We do not know whether Julia accompanied Severus during the long civil war that followed. Some of the authorities represent her as egging on her husband to the destruction of his rivals. The advice would not be unnatural, but it would be so superfluous that we disregard the statement. With a craft that has not won him the regard of historians, Severus held Albinus in Britain with the empty title of Cæsar, while he proceeded to crush Niger in the East. As there are coins of the year 196 which entitle Julia “Mother of the Camps,”[15] she probably accompanied Severus to the East, but we need not pursue the long campaign. Severus committed the work to his generals, and kept watch over Rome and the West. Several years were absorbed in pacifying the East, and he then turned toward Britain. Acting under the strain of African barbarism which undoubtedly existed in the nature of Severus, he sent men with a treacherous commission to murder Albinus, and the discovery of the plot brought the British legions thundering over Gaul. The rivals met decisively at Lyons, and a titanic conflict ended with the triumph of Severus.

Rome had followed the even struggle with suspense, and some had ventured to take sides. The omens were ambiguous. A strange light—the aurora—flickered in the northern sky, and a rain mixed with silver—Dio soberly assures us that he plated several bronze coins with it—fell upon the city. Human judgment had been as uncertain as that of the gods, and many of the Romans had espoused the “white” (Albinus) or the “black” (Niger) cause, instead of that of the “grey,” to put it in the language of the hour. For Severus to have abstained entirely from punishing those who had supported his rivals, after the years of anxiety they had caused him, is too much to expect; but it must be admitted that his vengeance was cruel, and that his plea of the security of the State was little more than a cloak for a very human resentment, The “Historia Augusta” gives a ghastly list of forty-one Senators whom he put to death, and crowds of lesser folk suffered from his vindictiveness. From Syria to Gaul he marked the progress of his triumph with a trail of human blood.

Of the attitude of Julia in regard to these executions we have no knowledge.
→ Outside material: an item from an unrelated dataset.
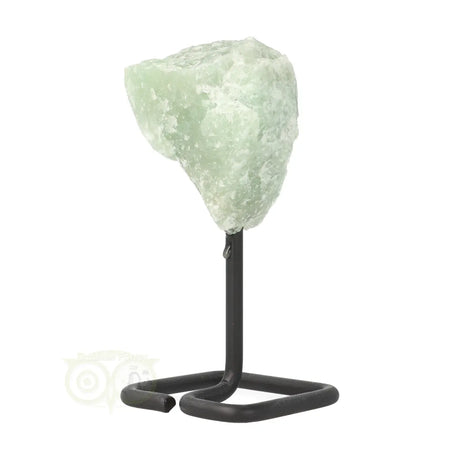 Groene kwarts edelsteen op standaard – decoratieve en spirituele steen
Severus was a cruel and passionate African, and we have no reason to think that any one impelled him to commit these deeds. His whole behaviour in the hour of triumph was injudicious and unworthy. He made a most unpleasant speech to the Senate in praise of Commodus, and directed that the highest honours should be paid to his memory. It may be that the consciousness of his lowly origin—which his sister tactlessly irritated by coming to Rome, and displaying her rural innocence to the amusement of the nobles—made him more suspicious of the patrician order than he need have been. Albinus, however, had come of a most ancient and honourable, if somewhat decayed, stock, and his finer blood may have influenced the Senate.

Leaving Rome under a painful impression of his harsh use of power, he set out for the East, where the Parthians were again in arms. Julia accompanied him on this campaign, but it is of little interest. The Parthians retired before his advance, and he pursued them down the Euphrates, and for a time held Babylon and several of the ancient cities of the East. Foiled, and incurring heavy losses, in the siege of Hatra, he retired sullenly from Mesopotamia, and sought consolation in a pleasant tour through Palestine and Egypt. They returned to Rome, about the beginning of the third century, for their first long stay in the capital.